Iterate over rows in Pandas

In this tutorial, we will learn how to iterate over rows using Pandas in Python.

Pandas DataFrame:

Two-dimensional data and its related labels are stored in a structure called a Pandas DataFrame. In data science and many other domains that deal with large amounts of data, DataFrames are often utilised.

The spreadsheets we deal with in Excel or SQL tables are comparable to DataFrames. Due to their central role in the Python and NumPy ecosystems, DataFrames frequently outperform tables and spreadsheets in terms of speed, usability, and power.

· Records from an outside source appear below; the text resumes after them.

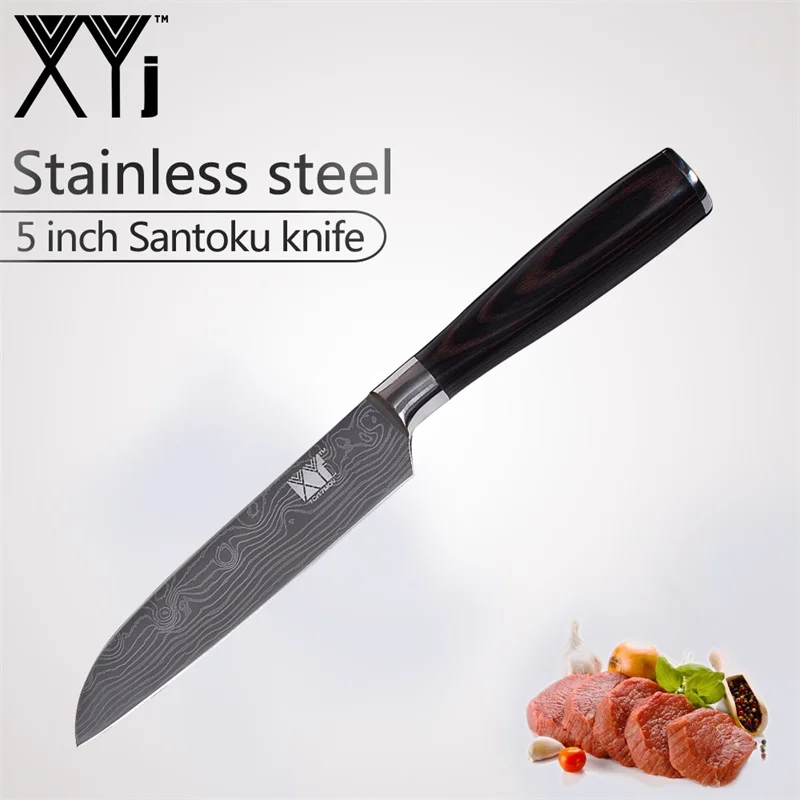 XYj дамасский нож из нержавеющей стали, изысканный кухонный нож, подарок, высокоуглеродное лезвие, цветная деревянная ручка, набор кухонных ножей - Цвет: 5 inch Santoku Knife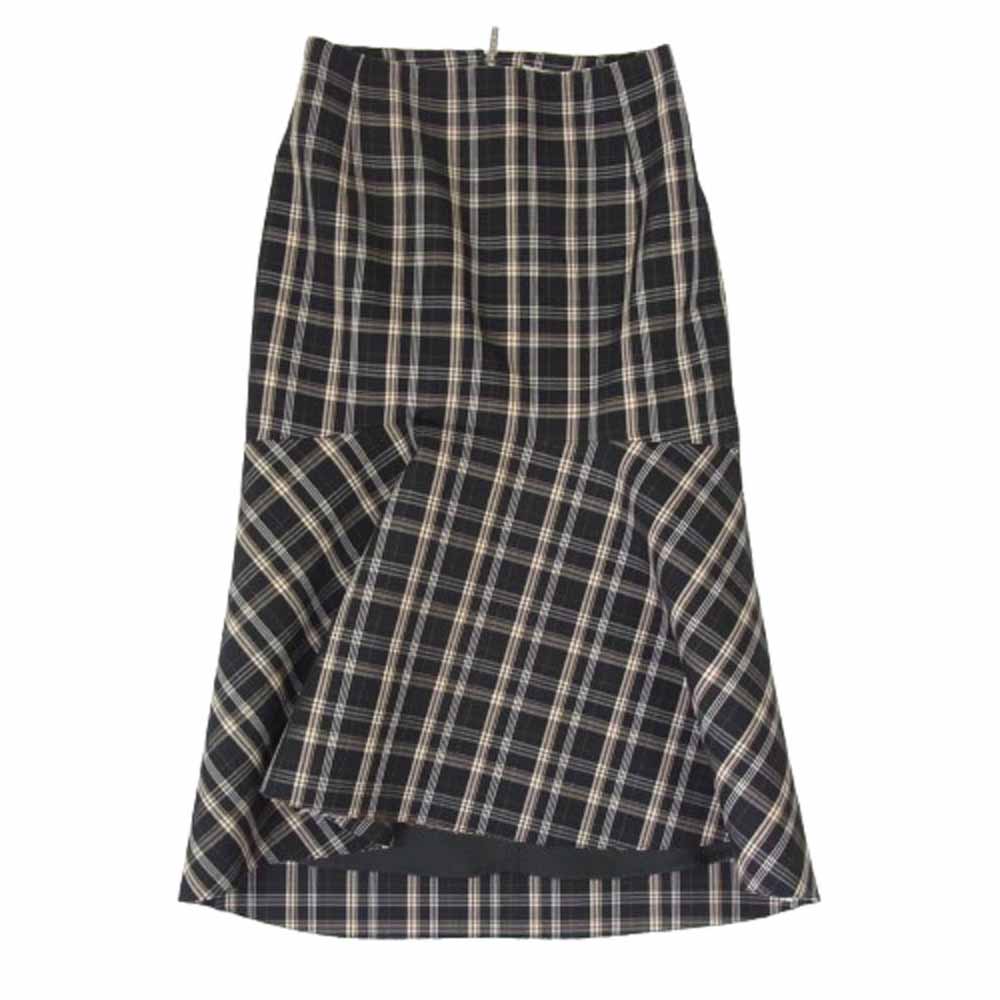 BALENCIAGA バレンシアガ 571616 TGT02 Godet Midi Skirt チェック柄 ゴデット ミディ スカート ブラック系 34【中古】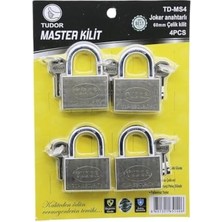 aklow akyoleticaret Tudor Td-Ms4 Master 4pcs Joker Anahtarlı=tek Anahtarla 4 Kilit Aç 60 mm - Gri Kısa Kancalı Çelik Asma Kilit (5264)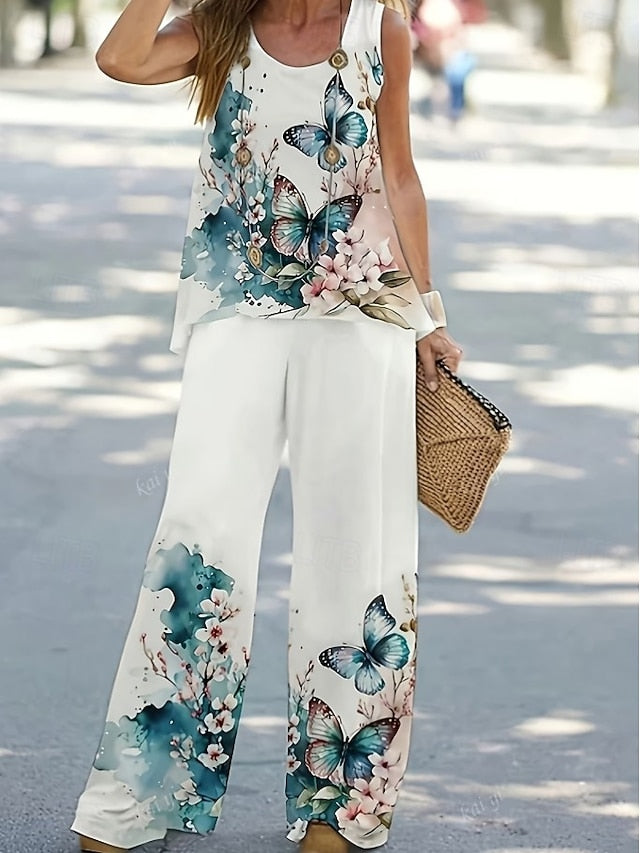 Women's Pants Sets Sleeveless Round Neck U Neck Floral
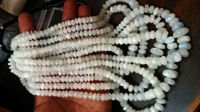 Natural White Rainbow Moonstone Rondelle Plain 6 to 12mm strand 8''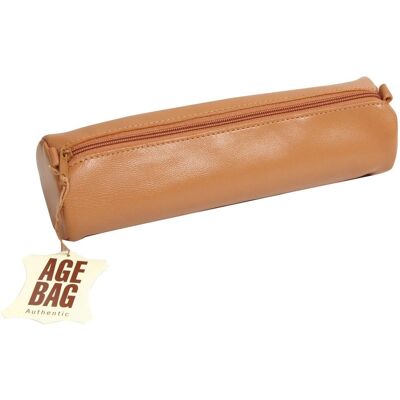 Clairefontaine Skinnväska Age Bag Rund 21cm - Tobak - Pennfodral Clairefontaine Skinnväska Age Bag Rund 21cm - Tobak - Pennfodral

Pandas DataFrames include:

  • Rows and columns of two-dimensional data.
  • Row and column labels.

Create a Pandas DataFrame

Creating DataFrame using dictionary:

Code:

import numpy as np
import pandas as pd
d = {'x': [2, 3, 4], 'y': 100}
# Creating  DataFrame
f = pd.DataFrame(d)
print(f)

Output:

     x      y
0   2    100
1   3    100
2   4    100
  • Dictionary values are the data values in the relevant DataFrame columns, and dictionary keys are the names of the columns in the DataFrame. The values may be stored as tuples, lists or other data types. Additionally, you may enter a single value to be copied along the full column.

Iteration

Using Index labels:

We can cycle through the rows of the DataFrame using loops.

import numpy as np
import pandas as pd
d = {'x': [2, 3, 4], 'y': 100}
f = pd.DataFrame(d)
for i in range(len(f)):
    print(f[‘x’][i])

Output:

2
3
4   

Using the loc() Method:

  • A DataFrame's rows and columns can be accessed via its index labels by utilising the .loc() function.
  • By supplying the row and column names of the DataFrame, we can loop through its rows.

Code:

import numpy as np
import pandas as pd
d = {'x': [2, 3, 4], 'y': 100}
f = pd.DataFrame(d)
for i in range(len(f)):
    print(f.loc[i, 'x'], f.loc[i, ‘y'])

Output:

2 100
3 100
4 100

Using the iloc() method:

The rows and columns of the DataFrame can be accessed using their integer-value positions in the DataFrame by using the .iloc.() function.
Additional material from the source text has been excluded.